The Wheel of Time includes a gang of villains known as the Forsaken, thirteen powerful magicians from a bygone era who have been imprisoned and asleep for thousands of years, but who slowly sneak out to do the work of evil. With the series topping out at fourteen books, that would give our heroes plenty of time to pick them off one by one, even if they choose to induct a newcomer to the ranks.

The problem is that the Forsaken don't stay dead. When some of them get killed, they can be resurrected by "the Dark One," a personified force of evil. There is also an offscreen "Creator," but it doesn't go about restoring the good guys; instead, the heroes learn "death cannot be [magically] Healed" and leave it at that. So the protagonists have the deck stacked against them without a clear idea why, while the Forsaken have less skin in the game. By the end of the series, the Dark One is putting even its living followers in new bodies, just to annoy them, and the heroes are unable to keep track of just whom they've killed. Small wonder it gets mocked.

But when it comes to inconsistent stakes, The Pendragon Adventure has it worse. With a younger target audience in mind, it could certainly be excused not permanently taking characters out of the scene. But it doesn't go that route; a minor character is killed off in the first of ten books, and a more important character dies in the next one. Just as frustrating for the magical group of heroes, or "Travelers," the villain, Saint Dane, is able to quickly recover from injuries he sustains. Saint Dane taunts the Travelers with the idea that he's no different from them, but they can't keep up with him.

Then, suddenly, good news! Main character Bobby uses his powers to bring his friend Loor back from the brink of death if not beyond. At last, the Travelers can keep up with Saint Dane... although if nobody can be killed, the stakes have just unnaturally dropped.

But then bad news! The Travelers discover that their power comes at the expense of the otherworldly realm of Solara. Saint Dane is only too happy to draw on that power and disrupt Solara, but the good Travelers must ration their resources.

Good news! Solara is actually where everyone goes after their death, no matter what they've done with their mortal life! So even if the Travelers are parted by death, they will eventually be reunited!

Bad news! MacHale has written himself into a corner with no way to threaten any of his good characters, so he has to make something up about Saint Dane cutting off anyone who betrays him from Solara, with eternal oblivion the new reward for trying to return to the side of right.

Worse news, all of these sudden abrupt changes in the stakes arrive way too late in the series to make sense in terms of what has come before, and instead smack of confusion... oh well.
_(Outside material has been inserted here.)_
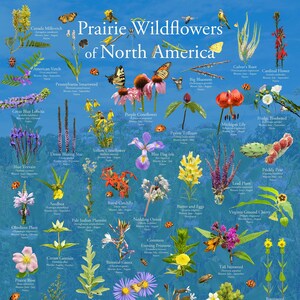 Where's Wildlife Presents Prairie Wildflowers of North America - Póster de identificación de plantas y flores, imágenes divertidas y educativas de la naturaleza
In both cases, the books are long and numerous enough that there's lots of room for twists in the plot and new discoveries about the rules of the cosmos before the end. But at the same time, that means there's been a lot more storyline that's gone before only for new developments to throw a spanner in the works. The series also both touch on issues of free will and determinism by the end, in ways that don't always seem to align with what's come before, but it's the impermanence of character death—and the confusion it brings—that stands out most for me.